Diffusion-based methods have demonstrated remarkable capabilities in
generating a diverse array of high-quality images, sparking interests for
styled avatars, virtual try-on, and more. Previous methods use the same
reference image as the target. An overlooked aspect is the leakage of the
target's spatial information, style, etc. from the reference, harming the
generated diversity and causing shortcuts. However, this approach continues as
widely available datasets usually consist of single images not grouped by
identities, and it is expensive to recollect large-scale same-identity data.
Moreover, existing metrics adopt decoupled evaluation on text alignment and
identity preservation, which fail at distinguishing between balanced outputs
and those that over-fit to one aspect. In this paper, we propose a multi-level,
same-identity dataset RetriBooru, which groups anime characters by both face
and cloth identities. RetriBooru enables adopting reference images of the same
character and outfits as the target, while keeping flexible gestures and
actions.

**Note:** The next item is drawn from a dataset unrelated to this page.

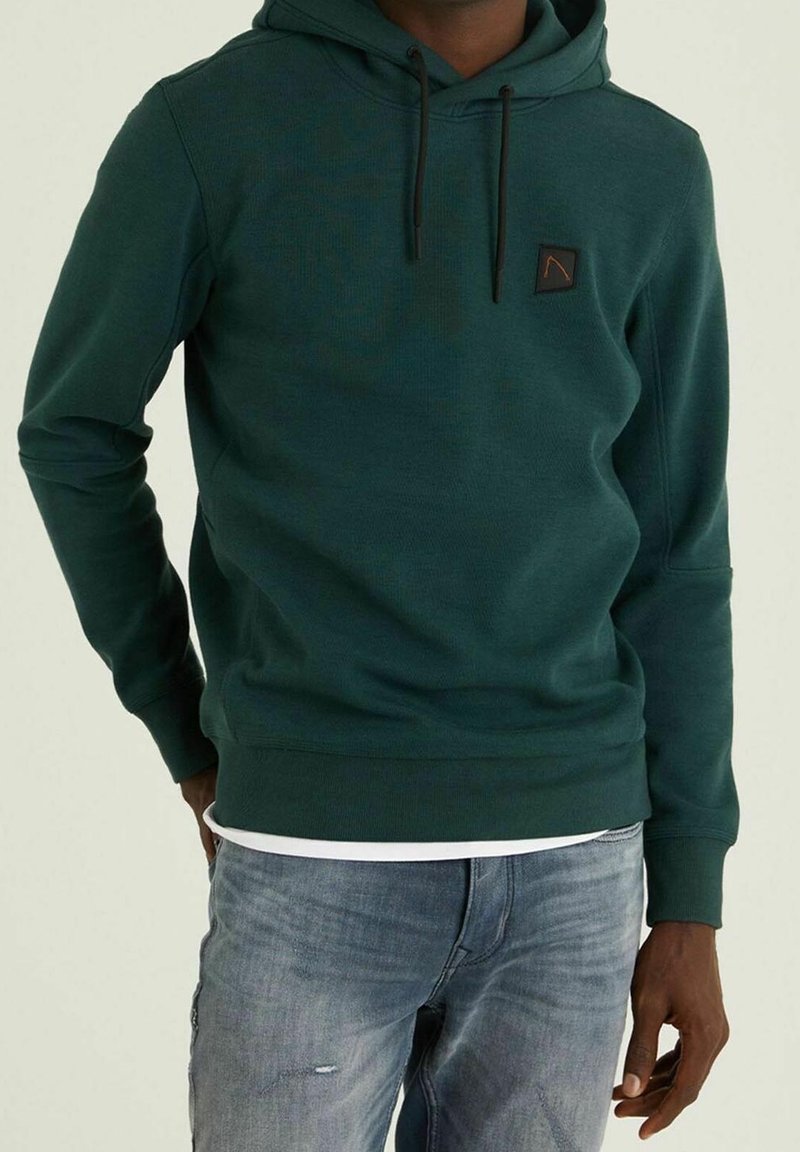 Felpa con cappuccio verde in tessuto texturizzato, con coulisse regolabili e un patch logo sul petto. Vestibilità casual con polsini a coste.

We benchmark previous methods on our dataset, and demonstrate the
effectiveness of training with a reference image different from target (but
same identity). We introduce a new concept composition task, where the
conditioning encoder learns to retrieve different concepts from several
reference images, and modify a baseline network RetriNet for the new task.
Finally, we introduce a novel class of metrics named Similarity Weighted
Diversity (SWD), to measure the overlooked diversity and better evaluate the
alignment between similarity and diversity.